In March, an Associated Press analysis produced a sharp rebuke to the transparency initiative, reporting not merely bureaucratic foot-dragging on FOIA processing but an alarming backslide for taxpayers who might be curious to see what our money's buying. “Five years after Obama directed agencies to less frequently invoke a ‘deliberative process’ exception to withhold materials describing decision-making behind the scenes,” stated the AP, “the government did it anyway, a record 81,752 times.” Furthermore, The National Security Archive announced that 50 of 101 federal agencies have failed to comply with a 2007 congressional mandate to update their FOIA policies, and that 55 of those agencies “have FOIA regulations that predate and ignore President Obama's and Attorney General Holder's 2009 guidance for a ‘presumption of disclosure.’” And then came a dispiriting assessment of 15 major federal agencies from the Center For Effective Government, which graded the likes of the Social Security Administration to the State Department on FOIA processing, communications policies, and user-friendly websites. Seven of the 15 flunked. Said the Center’s CEO: “The fact that no agency achieved a top grade across all three areas illustrates the difficulty agencies are having with implementation overall.”
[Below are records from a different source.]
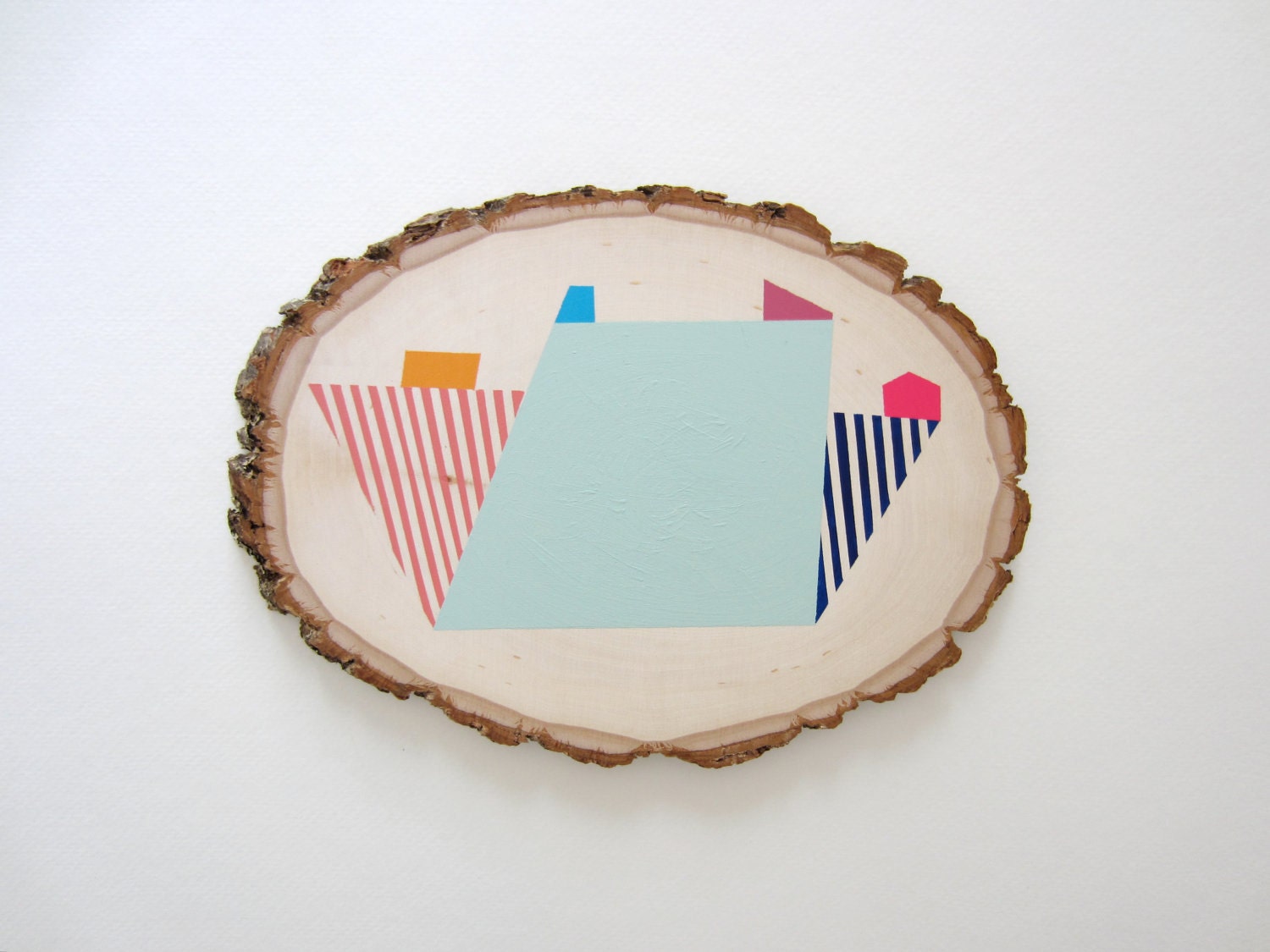 Wood wall art geometric pastel tree slice painting with colorful abstract shapes and stripes: original art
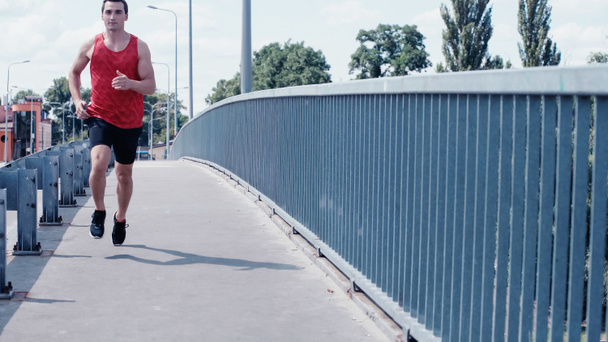 Nuori lenkkeilijä toppi ja shortsit käynnissä sillalla - Valokuva, kuva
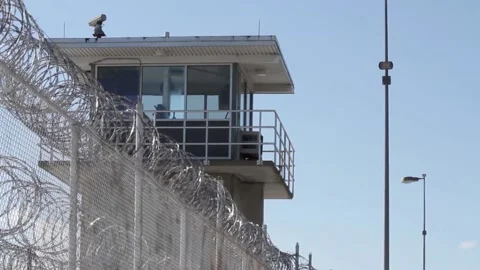 Prison Tower and Prison Fence Stock Footage
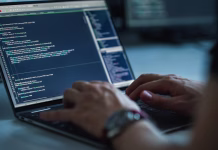 Nejc Rebolj, razvijalec pametnih aplikacij: tehnologija je pač za vse, tudi za kure (INTERVJU) Close-up Focus on Person's Hands Typing on the Desktop Computer Keyboard. Screens Show Coding Language User Interface. Software Engineer Create Innovative e-Commerce App. Program Development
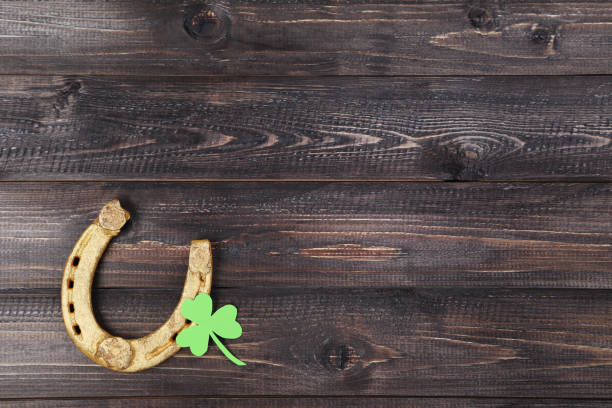 istock St.Patrick's Day. Golden horseshoe with clover leaf on wooden table 1134027616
There are, of course, myriad possible explanations. Maybe, given budget cutbacks, there aren’t enough personnel to manage the crush of volume anymore. Maybe Obama was just kidding. Or maybe the federal culture of classification and secrecy is so pervasive and hard-wired, executive and legislative directives just don’t matter anymore.
Either way, as a handful of UFO researchers have discovered, the censorship epidemic has recently thrown a tarp over America's raw radar records. The dominoes began toppling in 2009, when the Federal Aviation Administration started sequestering ERIT data. ERIT — a computer program called the En Route Intelligence Tool — logs everything that reflects pingbacks, including a lot of chaotic junk that air traffic controllers normally don’t need to see on their screens, e.g., birds, bug swarms, false echoes, even jet contrails. ATC operators' top priority is legitimate air traffic, mapped by the National Track Analysis Program. NTAP’s real-time system filters out all the extraneous clutter and concentrates on targets that are supposed to be there, namely, aircraft with signal beacons, or transponders.